====== Supplied information

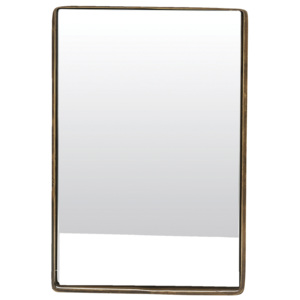 Obdelníkové zrcadlo s mosaznou obrubou Reflection malé, Vemzu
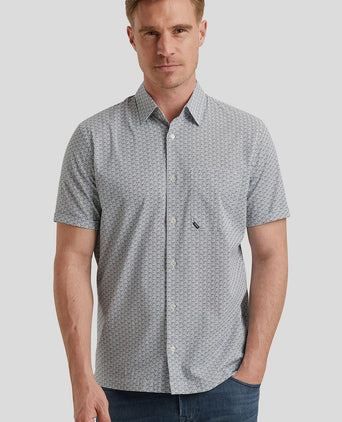 Short sleeve overhemd print blauw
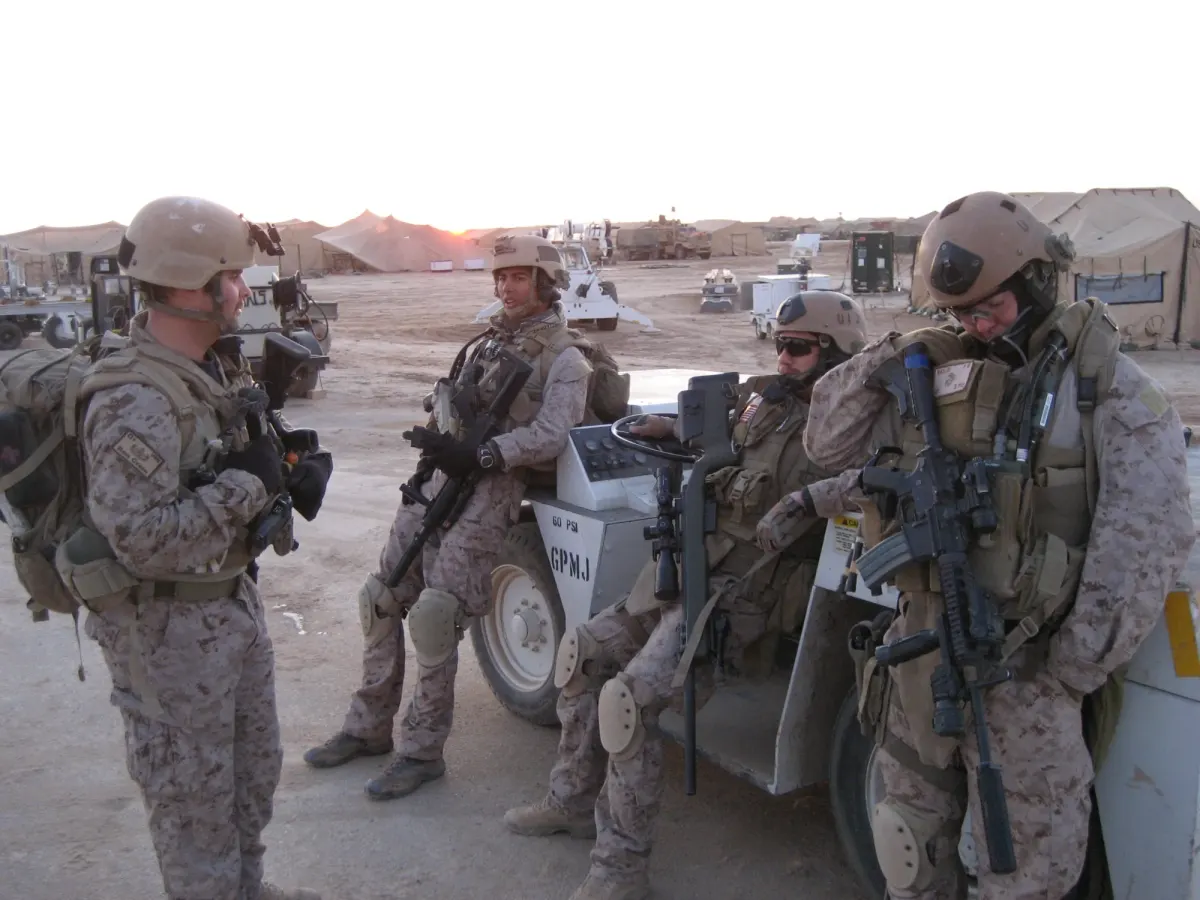Steve Holland with fellow 1st Recon Battalion Marines at a forward operating base in Iraq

============

§ The task
Reproduce the data verbatim. Do not carry any picture into the copy.

§ The completed task
 Obdelníkové zrcadlo s mosaznou obrubou Reflection malé, Vemzu
 Short sleeve overhemd print blauw
Steve Holland with fellow 1st Recon Battalion Marines at a forward operating base in Iraq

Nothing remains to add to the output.